Um porta-voz do Conselho de Deputados dos Judeus Britânicos advertiu que a moção e a campanha de apoio a ela “ameaça tornar o Partido Verde um ambiente hostil e discriminatório para os seus membros judeus e tem implicações significativas para os judeus britânicos de forma mais ampla”.

O vice-ministro das Relações Exteriores de Israel, Sharren Haskel, disse ao Daily Mail: “Esta moção do Partido Verde é um dos documentos odiosos e racistas que já li.

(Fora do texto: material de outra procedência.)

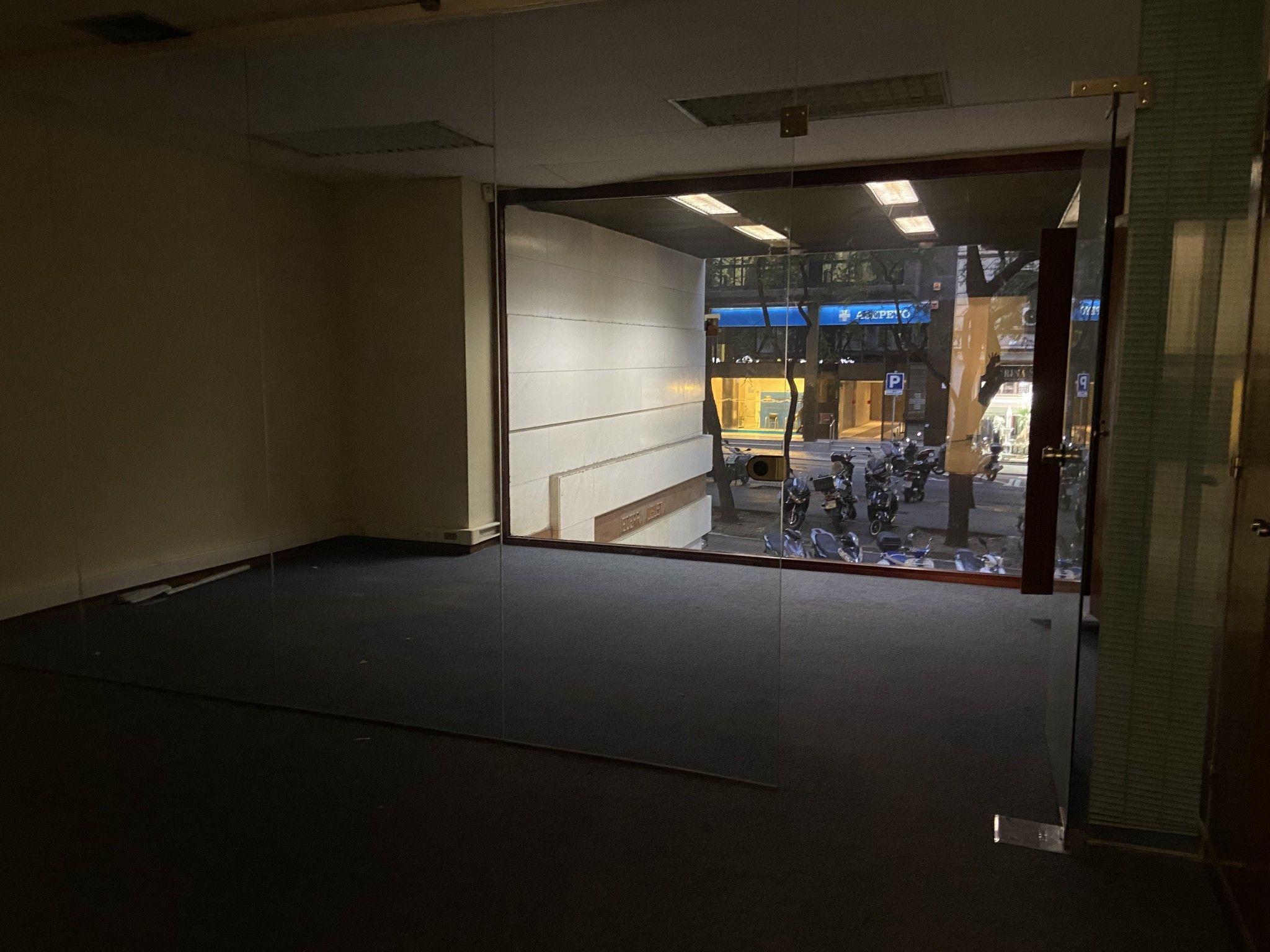 Local de lloguer en  Barcelona Capital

«Apela à destruição de Israel e procura justificar o terrorismo contra Israel. A sua intenção é justificar a destruição da pátria judaica e negar o direito dos judeus a um lar nacional.

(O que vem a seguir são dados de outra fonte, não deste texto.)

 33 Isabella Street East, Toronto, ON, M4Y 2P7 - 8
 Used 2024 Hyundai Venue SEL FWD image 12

“Os padrões duplos são extraordinários, pois exigem um lar nacional para os palestinos, mas não para os judeus.

“Condeno completamente este documento horrível e espero que o povo do Reino Unido veja os Verdes como eles são: um partido político racista e odioso.”

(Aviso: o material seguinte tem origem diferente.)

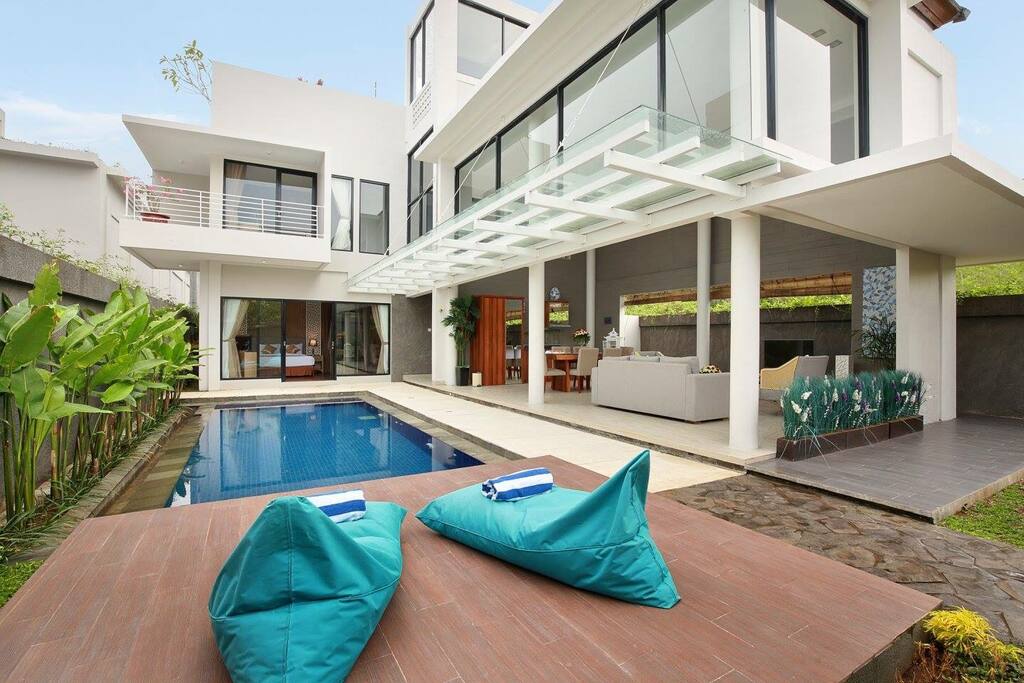 Pool view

O Mail revelou no início deste mês que um membro dos Verdes tomou a medida dramática de denunciar o seu partido à polícia antiterrorista sobre a moção.

Um porta-voz do Partido Verde sublinhou que “atualmente não se trata de uma política” e apenas de uma “moção proposta” que todos os membros podem apresentar. Ele disse que teria que ser bem-sucedido em uma votação de priorização em andamento antes de poder ser votado na conferência da primavera.

Mas a campanha online que incentiva novos membros a aderirem para apoiar a moção fornece guias passo a passo detalhados sobre como votar a favor da moção na votação prioritária e, se for bem-sucedida, como votar a favor na conferência da primavera.

O porta-voz dos Verdes recusou-se a comentar os relatos de que a moção é apoiada pelo vice-líder do partido, Sr. Ali.

Num vídeo no TikTok no dia dos ataques de 7 de outubro, Ali afirmou que Israel usaria o “pretexto da reação dos combatentes do Hamas, ou supostamente combatentes do Hamas” para atacar Gaza.

No dia seguinte, ele disse no Facebook que os combatentes do Hamas eram “povos indígenas que se defendiam” e apelou ao fim do “colonialismo europeu de supremacia branca”.

Um porta-voz da Campanha Contra o Antissemitismo acrescentou: “O Partido Verde parece preparado para reciclar os piores ódios da história.

‘Não só esta moção deveria ser rejeitada, mas aqueles que a propuseram deveriam ser expulsos do Partido.’

Speitan não respondeu aos pedidos de comentários.